Sunday, January 6, 2008

Soundtrack Sunday – Absolutely Wonderful

It almost singlehandedly sunk the British film industry in the mid 80s. It featured an uncomfortable mix of big musical production members and heavy social commentary. And at the time of its release, 15 years before a similarly unorthodox "Moulin Rouge" received Oscar acclaim, critics didn't know what to make of it.

I'm talking about Absolute Beginners, a 1986 film starring David Bowie and Patsy Kensit.
I first became aware of the film when I read a January 1986 cover story in Vanity Fair, written by renowned Beatles biographer Phillip Norman.

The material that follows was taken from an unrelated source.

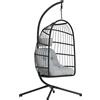 Outsunny Sedia a Uovo Sospesa, Altalena Esterno con Supporto e Cinghia Sicurezza, Nero/Grigio Chiaro | Aosom Italy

Accompanying the story, which delved into how director Julien Temple planned to put the British equivalent of "Catcher in the Rye" on the big screen, was an extraordinary collection of photographs of the film's characters. One way or another, I told myself, I am going to see that movie once it hit theaters.

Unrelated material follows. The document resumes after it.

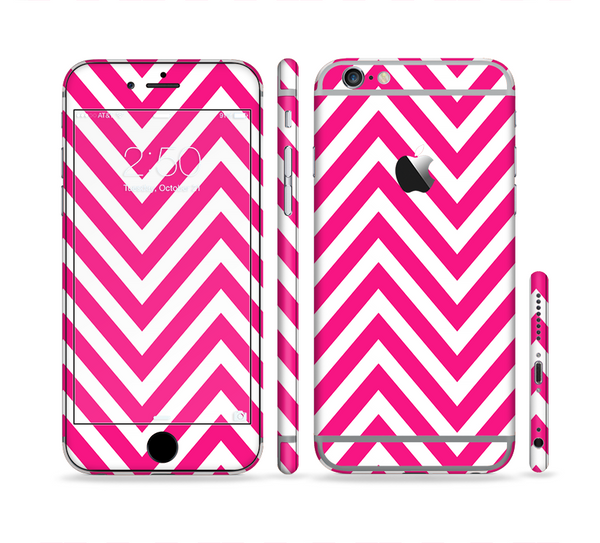 The Pink & White Sharp Chevron Pattern Sectioned Skin Series for the Apple iPhone 6 Plus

In fact I watched it the very first week it came out during the summer of 1986. And it's fortunate that I did because it sank without a trace – both in the United States and in Britain, where its financial failure led to the collapse of Goldcrest, the studio behind Chariots of Fire and Gandhi.

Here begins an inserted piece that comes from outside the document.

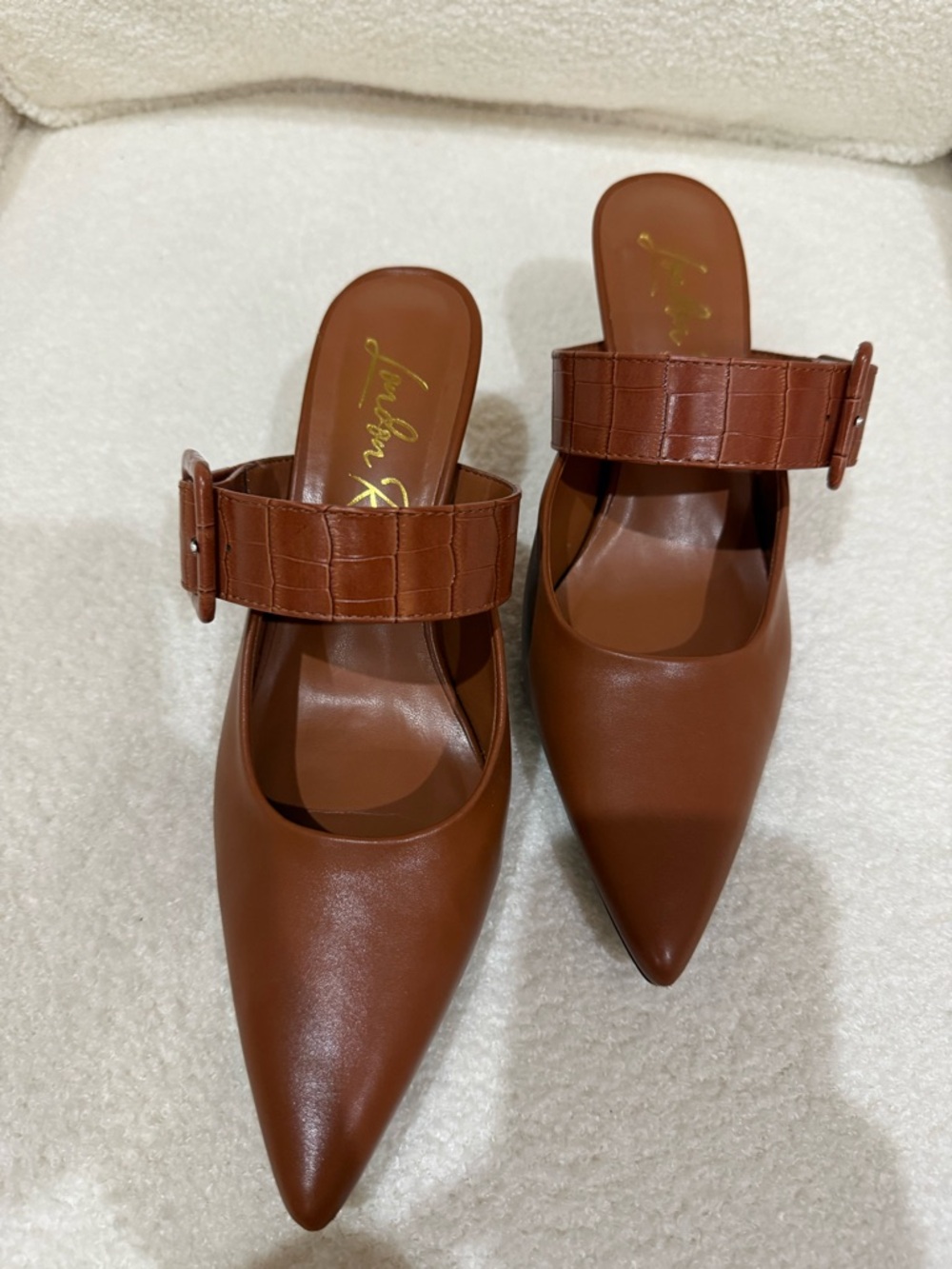 Pointed-Toe Brown Buckle Strap Mule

No, it's not the greatest movie in the world. But its unique visual style hasn't really ever been matched. There's the one-shot opening sequence that Temple would later mimic in his "When I Think of You" video for Janet Jackson. Bowie's song-and-dance number for "That's Motivation." And the fight sequences that could have come out of West Side Story II: Tony's Revenge

A little bit later, I read the original book – by an author named Colin MacInnes – and loved it even more.

But I won't bore you any more about the movie (or the book). Every once in a while, it pops up on cable. And it's definitely worth catching.

What really made the movie cook was its music, which was given the jazzed-up treatment by Miles Davis collaborator Gil Evans. He composed some of the score and arranged many of the songs. Besides Bowie's contribution of the title track (the closest thing the soundtrack had to a hit single), there's Sade never sounding jazzier than on "Killer Blow;" "Flat Foot Floogie" man Slim Gaillard singing the rollicking "Selling Out"; a Bubble Gum pop song, "Little Cat," composed by none other than Nick Lowe; and the Style Council's "Have You Ever Had it Blue," a rearranged version of "With Everything to Lose" from My Favorite Shop (1985). (Paul Weller, as you may remember, wrote "Absolute Beginners" for The Jam's Snap (1983) album as a tribute to his favorite book).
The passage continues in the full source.